Persistent insecurity in Ivory Coast
Yet the police are unarmed. An officer we spoke to in the hill town of Man looked skyward – to the heavens - when we asked how he could defend himself. This curious situation is a result of the fact that the Ivorian police and gendarmerie were formerly bastions of support for Gbagbo. After Gbagbo’s fall they returned to garrison the northern and western regions of the country, which had been under rebel control for years. However, as the new administration of Alassane Ouattara – perhaps understandably – does not trust the police, they are not permitted to carry weapons.
The situation is the opposite of that in Sierra Leone and Liberia. With many illicit weapons still at large, Ivorian security forces cannot do their job without their own arms. Without armed police, though the war is over, instability persists. In western Ivory Coast our driver was concerned about car-jacking.
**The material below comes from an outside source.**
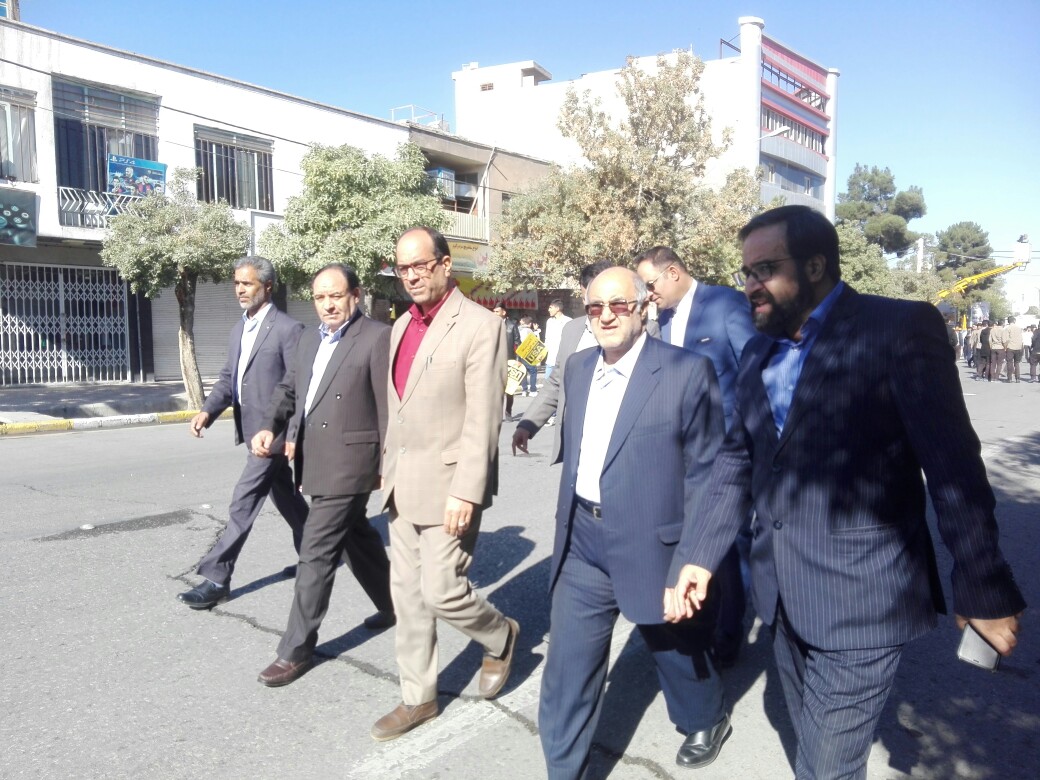 راهپیمایی ۱۳ آبان در کرمان آغاز شد+ تصاویر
There are occasional raids on villages. Several weeks after our trip seven UN peacekeepers died in an ambush south of where we had travelled. The wrong hands that hold the weapons Ivory Coast are those of fighters left over from the war.
In Abidjan we sat on white arm chairs in the British embassy and heard about their travails fixing the scars left by bullets and mortars last year; French helicopters used the British compound as a marking point to hover above while they rocketed Gbagbo’s nearby residence in the endgame of the crisis.
Here, and in other interviews in the city, it became clear that while the illicit weapons and impotent police in the north and west of Ivory Coast are acknowledged as a problem, the international community in general and the UN in particular is loathe to embark on a ‘buy-back’ disarmament programme of the sort carried out in elsewhere in Africa. In such a scheme fighters receive cash, as well as sometimes the offer of vocational training, in return for handing in weapons.
The reluctance to engage in such a programme in Ivory Coast stems from a fear that cash-for-weapons would stimulate a further flow of arms into the country. Such a view seems – and I stand willing to be corrected – a misunderstanding of basic economics, a problem avoidable by careful price setting. If the buy-back bounty is pitched high enough to be a small fortune to a fighter in the forests, but below the import cost of a weapon into the country there would surely be no incentive long-term to ship more in?